Example #2; vs Cosmic Witch

Another perfectshield OS opening. This time I run deep into Cosmic Witch’s side of the stage, leading in with a jab re-shield OS. (Inputs; press shield, release, press A, press shield again and hold.) The perfectshield triggers off of her attempted dash attack; jab comes out of the OS, but Rosa has crossed me up with the dash attack, so it whiffs. I have time to still react with Roy’s side-B to punish, but side-B is very inconsistent against Rosa, so she jumps out after a measly 3% and we enter into a scramble.

Not a terrible result for an admittedly bold invasion of space, but could have gone better. The OS triggered appropriately, but the decision to use side-B afterwards put me in a bit of hot water…attempting to punish the dash attack cooldown with something like a dash grab or a dash in neutral-air may have been better in this situation.

 

Example #3; vs Cosmic Witch, moments after the previous example

Shortly after, I go into another OS. My two previous approaches were out-spaced and stuffed with Rosa’s down-tilt, so this time I run in and use another jab re-shield OS. Having lost Luma, Cosmic Witch decided to play a bit more defensive, and instead goes into shield. The jab in my OS doesn’t trigger, and I run in holding shield, and quickly after transition into a neutral-air out of shield. The n-air clips Cosmic Witch out of her shield grab; I convert into a quick tipped forward-air, and Rosalina is pushed to the ledge.


This interaction really highlights why I enjoy making use of this particular OS; even in situations where the jab doesn’t trigger, being put into shield for just a moment is a fairly safe option, and quick reflexes afterwards can catch many options that your opponent might try to do. (Example; in this case, if Cosmic Witch took to the air to try to slip to center stage, it would be a simple thing to react with a jump out-of-shield and chase with aerials. If she had tried to slip through with a roll behind, I could drop shield and f-tilt or dash grab. Etc.) The only real option she had to hard counter this tactic would be to dash in and grab me out of my shield in the small window between shielding and executing the n-air, which wouldn’t give much of a reward (since she had no Luma), and opens up other avenues of attack for Roy (such as n-air and its juicy follow ups).

 

Example #4: vs ReQzee

In this situation, ReQzee is coming in from offstage, leading with a thunder jolt. Perfectshielding the slow-moving thunder jolt is easy, but sets up for him to potentially lead in with an aerial afterwards, so I drop out of the thunder jolt PS into another shield for a jab re-shield OS. ReQzee opts to empty land, so the OS isn’t triggered, leaving me in shield afterwards. He is too far away for me to shield grab, and not in a great spot for jab out-of-shield, so I opt to play it safe and short hop backwards, giving up a bit of stage in exchange for a safe out from the situation and a bit stronger positioning.
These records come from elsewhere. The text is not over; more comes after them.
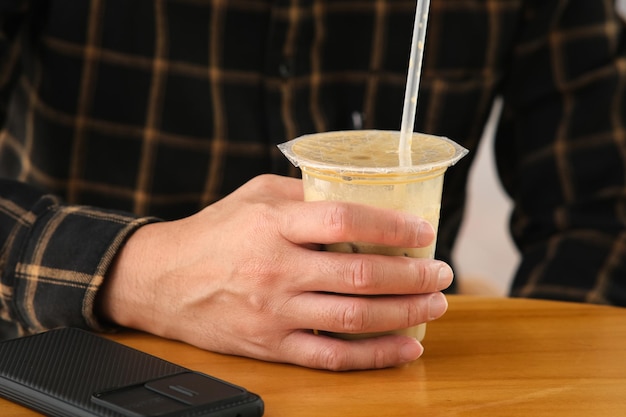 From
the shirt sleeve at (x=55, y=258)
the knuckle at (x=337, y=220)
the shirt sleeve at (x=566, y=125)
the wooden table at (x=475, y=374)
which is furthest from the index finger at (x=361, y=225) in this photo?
the shirt sleeve at (x=566, y=125)

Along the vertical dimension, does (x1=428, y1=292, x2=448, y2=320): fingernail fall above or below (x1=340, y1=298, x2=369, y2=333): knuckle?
above

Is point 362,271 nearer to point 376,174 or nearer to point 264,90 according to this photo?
point 376,174

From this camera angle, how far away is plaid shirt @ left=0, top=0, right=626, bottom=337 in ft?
4.64

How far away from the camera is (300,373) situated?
2.54 feet

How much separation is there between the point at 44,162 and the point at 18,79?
139mm

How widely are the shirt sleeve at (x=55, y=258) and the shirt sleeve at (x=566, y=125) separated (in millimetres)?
667

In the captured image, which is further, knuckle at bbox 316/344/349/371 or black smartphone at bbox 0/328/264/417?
knuckle at bbox 316/344/349/371

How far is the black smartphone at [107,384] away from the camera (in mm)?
648

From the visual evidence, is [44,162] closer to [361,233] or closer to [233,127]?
→ [233,127]

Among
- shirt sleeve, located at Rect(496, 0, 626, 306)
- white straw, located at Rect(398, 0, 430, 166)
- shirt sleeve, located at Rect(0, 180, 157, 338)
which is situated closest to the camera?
white straw, located at Rect(398, 0, 430, 166)

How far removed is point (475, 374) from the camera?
2.52 feet

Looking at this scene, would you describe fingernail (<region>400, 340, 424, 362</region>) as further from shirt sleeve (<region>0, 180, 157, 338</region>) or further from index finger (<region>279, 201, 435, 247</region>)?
shirt sleeve (<region>0, 180, 157, 338</region>)

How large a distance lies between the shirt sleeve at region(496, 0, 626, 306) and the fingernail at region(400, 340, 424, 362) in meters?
0.59

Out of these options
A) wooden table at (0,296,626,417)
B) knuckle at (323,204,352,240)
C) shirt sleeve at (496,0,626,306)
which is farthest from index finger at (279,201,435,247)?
shirt sleeve at (496,0,626,306) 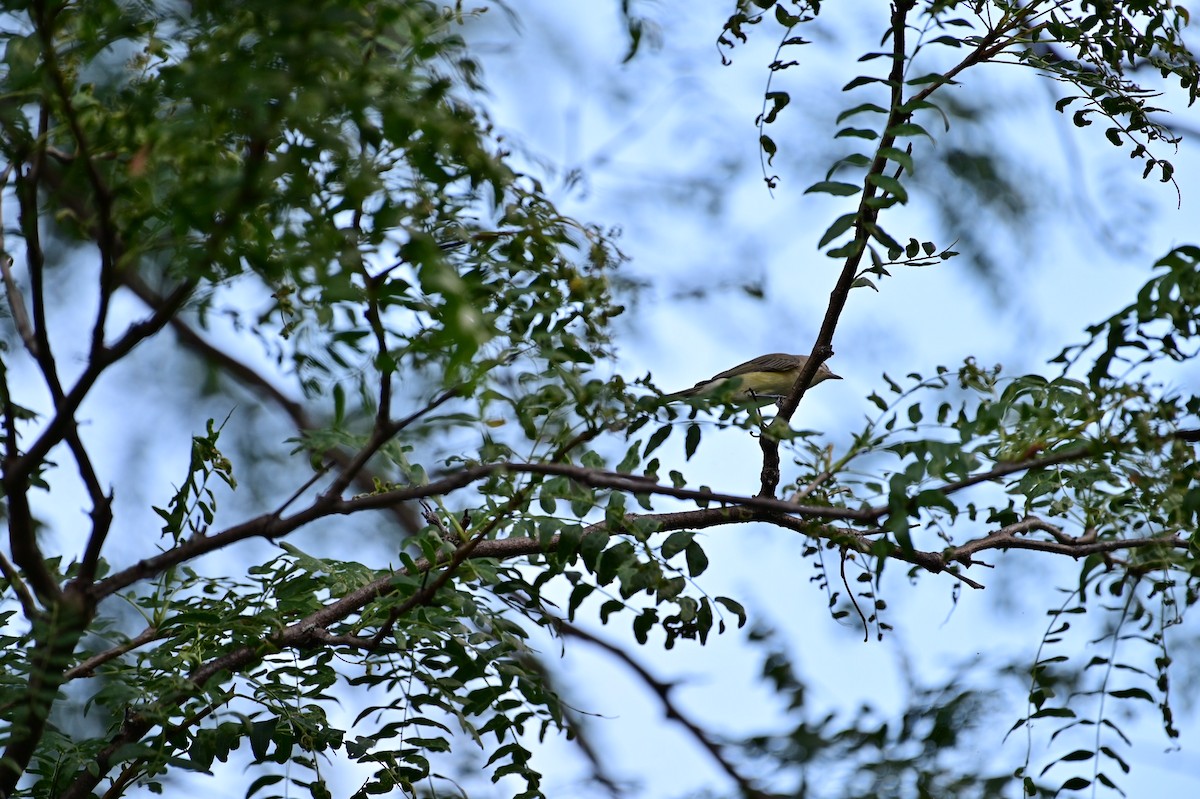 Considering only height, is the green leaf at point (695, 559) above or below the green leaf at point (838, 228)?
below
In retrospect, this is a somewhat poor situation to be using the jab re-shield OS…if he were to drop with a forward-air, the jab OoS would be triggered mid multi-hits and I would have gotten stuffed out of the start up of my jab, and if he had Quick Attacked directly in at me, he would most likely be behind me afterwards and the jab would whiff. Down-air is the only real option he could have chosen that would have led to the jab part of my OS actually coming out and winning the interaction for me. In general, this situation is a good place to be using the re-shield OS, but not so much against characters like Pikachu that have multi-hit aerials.

(Fun fact of the day; you can tell a Pikachu's gender by the end of its tail! Male pikachus have a sharp and flat tip, whereas female pikachus' tails are rounded like a heart.)
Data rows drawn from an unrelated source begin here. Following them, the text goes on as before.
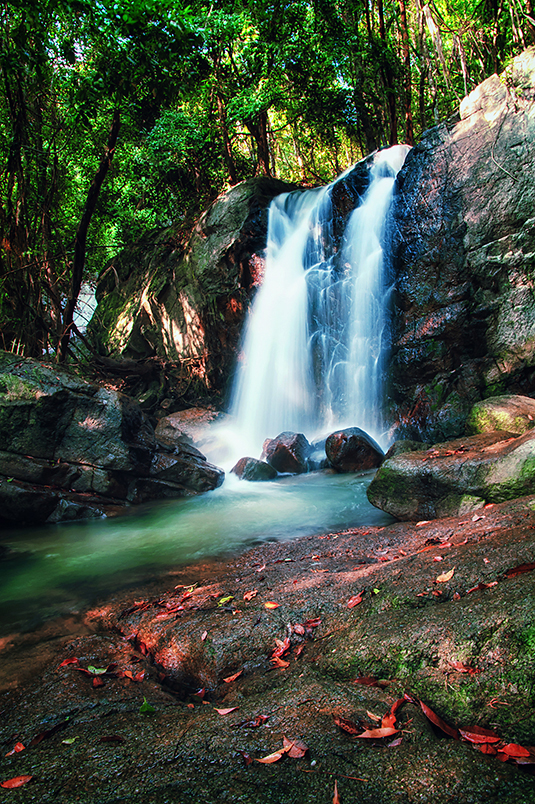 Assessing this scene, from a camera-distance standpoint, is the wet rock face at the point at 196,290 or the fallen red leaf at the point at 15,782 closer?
the fallen red leaf at the point at 15,782

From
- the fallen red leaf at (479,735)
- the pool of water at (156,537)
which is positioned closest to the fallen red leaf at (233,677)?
the fallen red leaf at (479,735)

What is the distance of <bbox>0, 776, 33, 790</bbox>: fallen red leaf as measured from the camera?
1.40 metres

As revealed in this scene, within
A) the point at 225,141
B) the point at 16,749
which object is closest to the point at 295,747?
the point at 16,749

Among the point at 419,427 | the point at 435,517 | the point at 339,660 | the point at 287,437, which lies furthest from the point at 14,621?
the point at 419,427

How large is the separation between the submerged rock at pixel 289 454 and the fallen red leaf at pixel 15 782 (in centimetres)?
801

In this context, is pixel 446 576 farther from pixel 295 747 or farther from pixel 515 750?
pixel 295 747

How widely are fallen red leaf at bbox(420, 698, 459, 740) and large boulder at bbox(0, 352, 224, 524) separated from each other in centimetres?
676

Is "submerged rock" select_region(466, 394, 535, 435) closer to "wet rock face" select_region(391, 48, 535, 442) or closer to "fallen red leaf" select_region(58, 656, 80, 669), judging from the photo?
"wet rock face" select_region(391, 48, 535, 442)

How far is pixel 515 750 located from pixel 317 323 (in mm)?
11539

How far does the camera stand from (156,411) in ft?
48.6

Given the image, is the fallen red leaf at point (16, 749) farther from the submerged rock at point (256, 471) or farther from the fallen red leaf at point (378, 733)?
the submerged rock at point (256, 471)

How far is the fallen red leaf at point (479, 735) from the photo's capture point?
1412mm

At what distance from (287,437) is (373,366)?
2.99m

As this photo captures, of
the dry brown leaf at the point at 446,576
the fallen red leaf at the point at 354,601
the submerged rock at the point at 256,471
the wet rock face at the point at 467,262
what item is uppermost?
the wet rock face at the point at 467,262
Unfortunately, none of these examples show a really clean result coming through with the attack in the PS OS being triggered...I have had many instances where it has in the past couple of weeks where I started to focus more on the tech, but none were on stream. I think that is one of the interesting things to highlight, though; even if the attack isn't triggered, proper use of these OSes can still leave you in a rather favorable position afterwards. Because of the natural safety of the technique, you can be using OSes often with no real detriment while still getting the benefit if the attack portion does trigger!